ISO-NE and the New England Power Pool’s Participants Committee said they sought the change after an unidentified supplier submitted delist bids for four resources totaling 2,000 MW for FCA 13, which they said could harm the competitiveness of the auction.

The RTO gave another example in which its prior rules estimated a resource would need $11 million in revenue to break even, inflating the delist price by $2.5/kW-month over the $8 million revenue requirement under the revised rules. If the supplier has market power, it could also inflate the prices for the remainder of its portfolio. If that unit was the marginal bid affecting 30,000 MW of cleared capacity, the incorrect calculation would raise consumer costs by about $900 million ($2.5/kW-month x 12 months x 30,000 MW), the RTO said.

LaFleur and Glick rejected a protest by the New England Power Generators Association, which complained that the Aug. 10 effective date requested by ISO-NE and NEPOOL disrupted market expectations and violated the commission’s rule against retroactive ratemaking. NEPGA asked the commission to reject the proposal and order the RTO to bring it before stakeholders, with no changes effective before FCA 14 in 2020.

The proposal was approved by NEPOOL’s Markets and Participants committees, both with about 69% in support.
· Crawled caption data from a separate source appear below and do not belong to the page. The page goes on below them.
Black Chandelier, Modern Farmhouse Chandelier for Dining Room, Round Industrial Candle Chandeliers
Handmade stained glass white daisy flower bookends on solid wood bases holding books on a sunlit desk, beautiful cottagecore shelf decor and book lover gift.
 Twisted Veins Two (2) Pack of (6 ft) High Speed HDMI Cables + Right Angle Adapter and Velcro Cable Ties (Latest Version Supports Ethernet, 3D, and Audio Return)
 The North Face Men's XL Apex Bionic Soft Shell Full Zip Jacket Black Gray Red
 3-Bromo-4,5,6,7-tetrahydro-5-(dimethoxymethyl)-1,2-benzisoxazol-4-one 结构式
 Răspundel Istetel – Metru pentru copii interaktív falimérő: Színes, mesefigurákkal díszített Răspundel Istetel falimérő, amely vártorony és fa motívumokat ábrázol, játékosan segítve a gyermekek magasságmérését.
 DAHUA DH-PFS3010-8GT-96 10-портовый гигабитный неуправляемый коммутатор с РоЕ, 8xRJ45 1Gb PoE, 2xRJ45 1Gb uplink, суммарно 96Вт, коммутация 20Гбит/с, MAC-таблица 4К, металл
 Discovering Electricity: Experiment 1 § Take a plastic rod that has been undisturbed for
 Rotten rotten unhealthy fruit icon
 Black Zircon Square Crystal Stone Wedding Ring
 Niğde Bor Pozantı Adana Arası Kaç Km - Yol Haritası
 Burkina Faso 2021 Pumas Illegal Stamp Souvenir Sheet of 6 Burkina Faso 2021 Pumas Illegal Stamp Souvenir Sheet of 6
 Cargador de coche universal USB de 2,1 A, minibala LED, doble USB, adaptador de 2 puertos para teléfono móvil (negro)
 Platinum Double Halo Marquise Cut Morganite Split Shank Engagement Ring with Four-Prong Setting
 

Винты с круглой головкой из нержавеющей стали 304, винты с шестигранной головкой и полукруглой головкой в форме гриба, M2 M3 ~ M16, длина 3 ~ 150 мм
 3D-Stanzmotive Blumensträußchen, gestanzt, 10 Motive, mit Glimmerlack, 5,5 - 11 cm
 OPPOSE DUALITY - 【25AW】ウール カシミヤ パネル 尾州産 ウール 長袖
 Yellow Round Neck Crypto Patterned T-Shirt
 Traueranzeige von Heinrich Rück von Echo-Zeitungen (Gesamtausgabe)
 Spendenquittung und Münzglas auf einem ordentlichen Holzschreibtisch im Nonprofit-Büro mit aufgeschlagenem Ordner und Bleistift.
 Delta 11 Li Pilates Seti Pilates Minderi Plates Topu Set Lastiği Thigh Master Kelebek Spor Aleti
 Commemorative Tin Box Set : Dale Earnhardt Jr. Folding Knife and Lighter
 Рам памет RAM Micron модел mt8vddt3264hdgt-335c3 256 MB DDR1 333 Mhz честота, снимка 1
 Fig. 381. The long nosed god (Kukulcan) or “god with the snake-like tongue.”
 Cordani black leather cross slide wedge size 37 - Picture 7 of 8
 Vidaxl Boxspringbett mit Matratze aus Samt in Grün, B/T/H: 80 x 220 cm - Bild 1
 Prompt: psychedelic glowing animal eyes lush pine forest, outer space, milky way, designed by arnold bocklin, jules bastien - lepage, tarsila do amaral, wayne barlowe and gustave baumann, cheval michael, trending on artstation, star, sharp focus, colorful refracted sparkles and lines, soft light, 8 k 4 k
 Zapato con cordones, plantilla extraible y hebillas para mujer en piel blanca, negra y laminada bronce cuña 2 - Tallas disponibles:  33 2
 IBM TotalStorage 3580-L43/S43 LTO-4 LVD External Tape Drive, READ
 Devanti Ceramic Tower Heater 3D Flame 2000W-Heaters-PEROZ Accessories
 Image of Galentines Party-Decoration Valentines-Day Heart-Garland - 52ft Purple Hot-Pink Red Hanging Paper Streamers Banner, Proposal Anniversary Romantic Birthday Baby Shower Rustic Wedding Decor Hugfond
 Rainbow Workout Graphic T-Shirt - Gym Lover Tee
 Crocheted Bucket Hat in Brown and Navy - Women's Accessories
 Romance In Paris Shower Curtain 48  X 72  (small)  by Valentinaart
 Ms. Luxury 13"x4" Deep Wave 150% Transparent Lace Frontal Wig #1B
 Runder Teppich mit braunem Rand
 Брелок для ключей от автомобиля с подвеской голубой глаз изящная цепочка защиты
The commission said that although the stakeholder review was “expedited, the record reflects that ISO-NE met its burden for stakeholder review … under its Participants Agreement.”

“A rational resource, in exercising competitive bidding behavior, would seek to exit the market, or retire, before it starts incurring consecutive losses,” the commission said in approving the change. “The benefits of the proposed economic life revisions outweigh potential disruptions to market participants’ settled expectations and harm caused by reliance on the existing [capacity market] rules.”

Chatterjee disagreed, saying that making the rules effective for FCA 13 harmed “market participants who relied on the existing Tariff in calculating prices and entering into contracts” in preparation for the auction.

Chatterjee said it was “troubling” that the RTO submitted the proposal after calculating the economic impact of the existing rules. “This change would achieve a specific price-oriented outcome based on information ISO-NE possesses due to its unique role as both system operator and auction administrator,” he said. “This case raises very serious questions about when and how the rule against retroactive ratemaking applies.”